YOUR GOAL
The lines below, from the one containing "Parka beige para mujer - miniatura 4" through the one containing "Goya 39523 - Skleněná", should be set down exactly, with no pictures and nothing else.

RECORDED INFORMATION
_ _ _ _ _ _ _
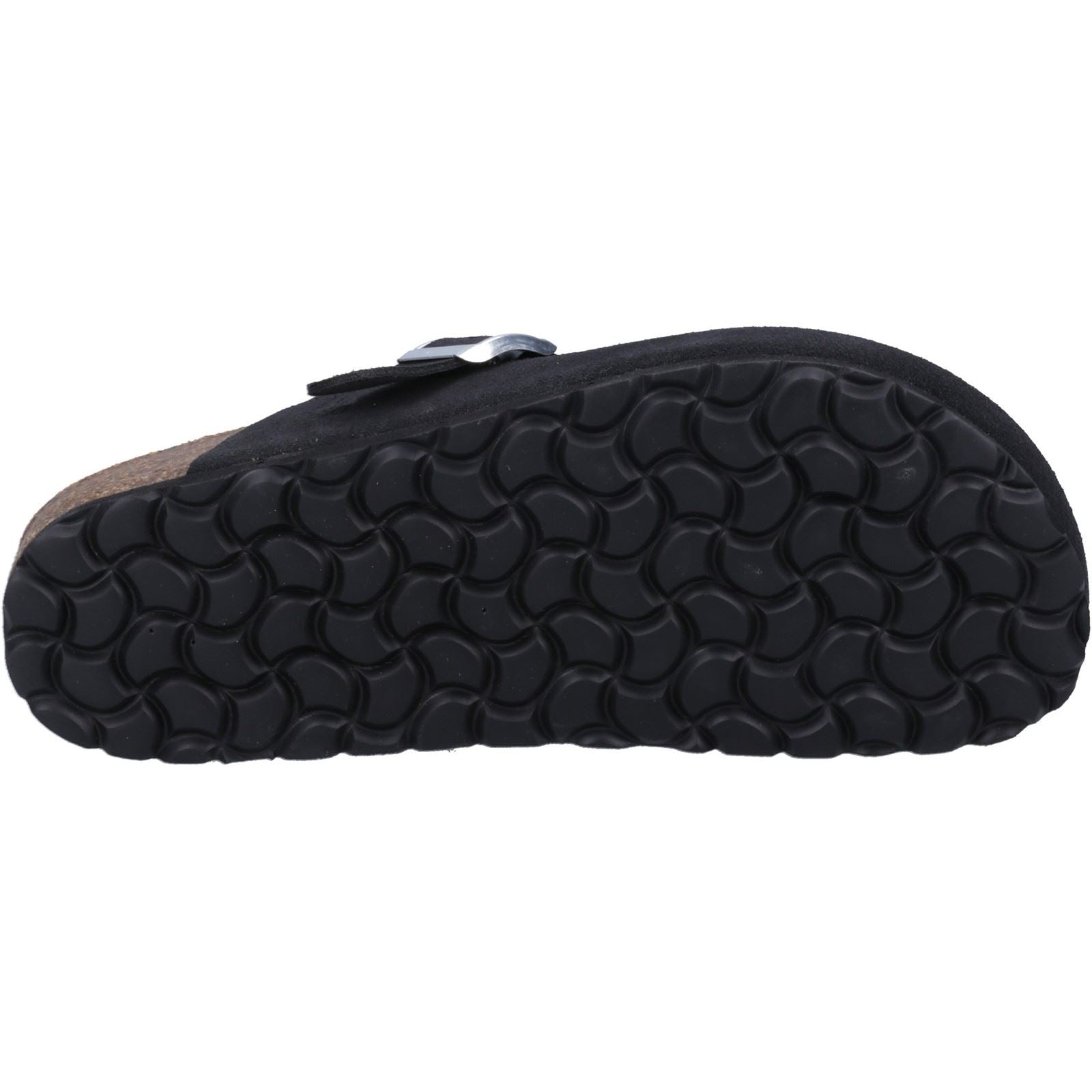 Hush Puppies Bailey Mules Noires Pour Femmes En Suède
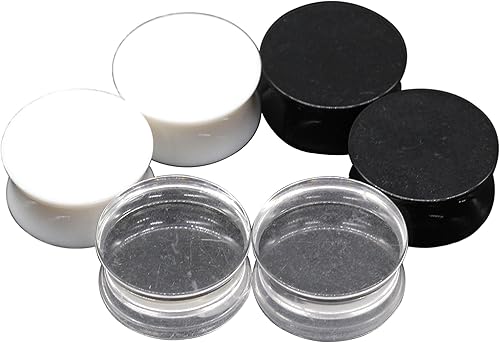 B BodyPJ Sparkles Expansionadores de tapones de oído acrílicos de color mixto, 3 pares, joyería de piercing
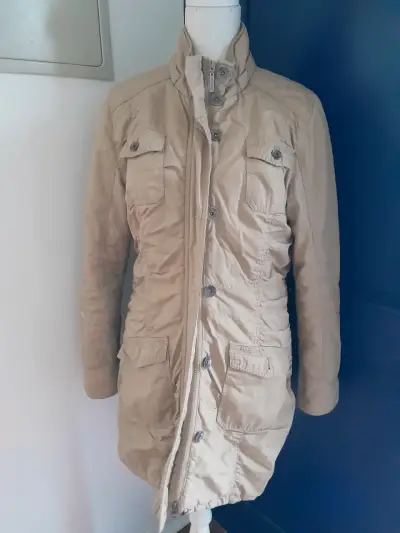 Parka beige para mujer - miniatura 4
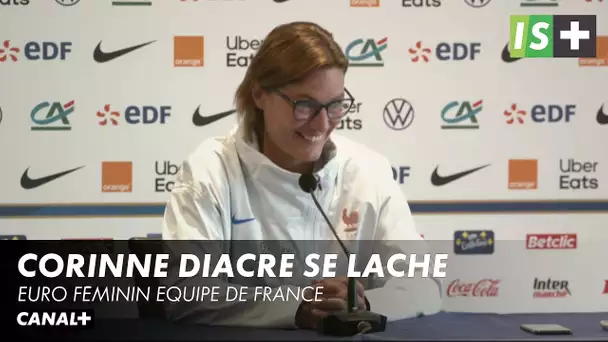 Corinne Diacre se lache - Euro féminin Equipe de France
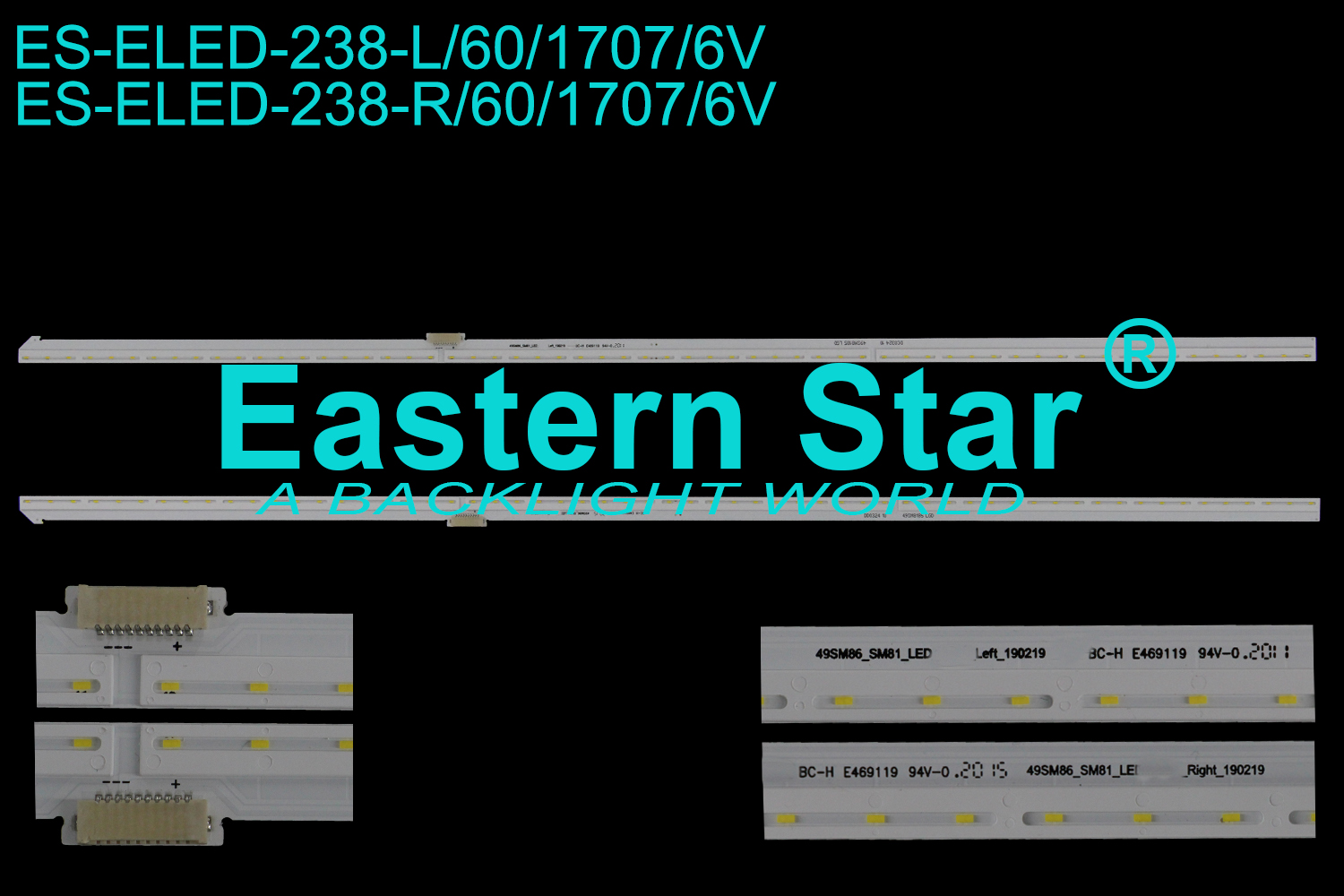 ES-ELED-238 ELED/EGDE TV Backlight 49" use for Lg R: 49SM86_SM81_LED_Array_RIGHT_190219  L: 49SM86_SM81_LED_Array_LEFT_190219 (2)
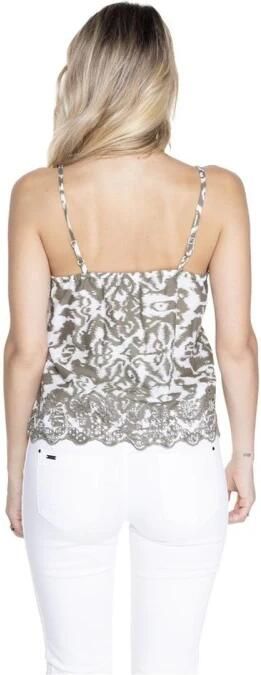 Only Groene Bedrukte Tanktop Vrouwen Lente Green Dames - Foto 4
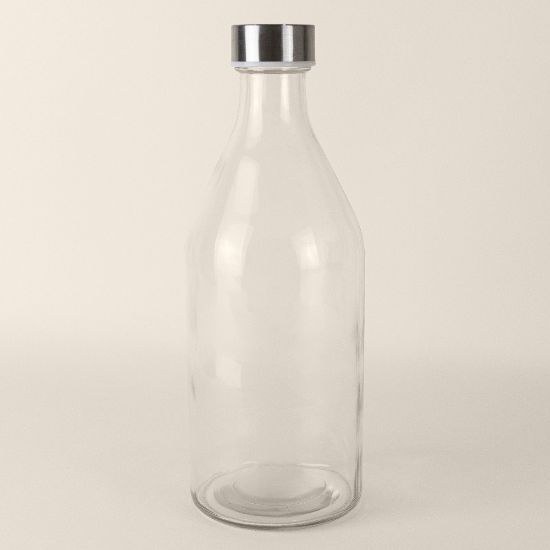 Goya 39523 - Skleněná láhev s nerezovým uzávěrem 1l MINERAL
_ _ _ _ _ _ _
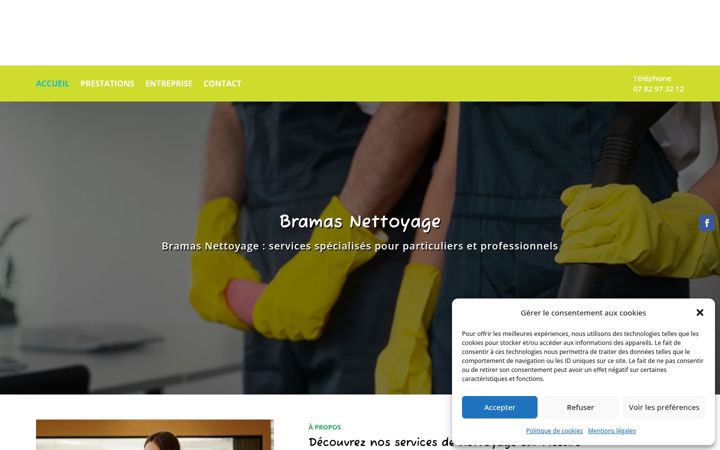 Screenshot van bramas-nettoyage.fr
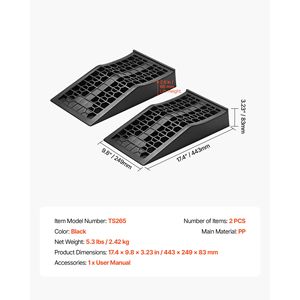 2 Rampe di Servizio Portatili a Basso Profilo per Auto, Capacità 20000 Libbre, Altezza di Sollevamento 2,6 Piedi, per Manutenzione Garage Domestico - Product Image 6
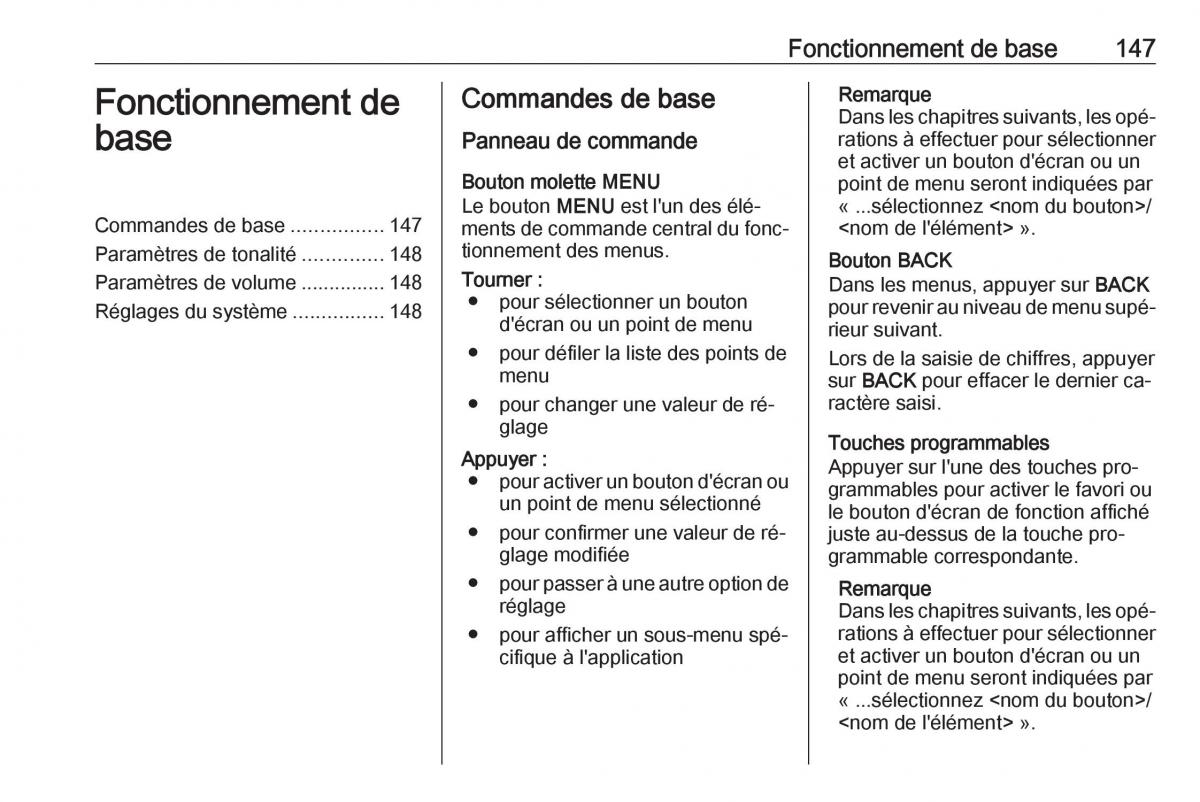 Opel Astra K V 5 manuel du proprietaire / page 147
_ _ _ _ _ _ _
SOLUTION TO THE PROBLEM
 Parka beige para mujer - miniatura 4
 Corinne Diacre se lache - Euro féminin Equipe de France
 ES-ELED-238 ELED/EGDE TV Backlight 49" use for Lg R: 49SM86_SM81_LED_Array_RIGHT_190219  L: 49SM86_SM81_LED_Array_LEFT_190219 (2)
 Only Groene Bedrukte Tanktop Vrouwen Lente Green Dames - Foto 4
 Goya 39523 - Skleněná láhev s nerezovým uzávěrem 1l MINERAL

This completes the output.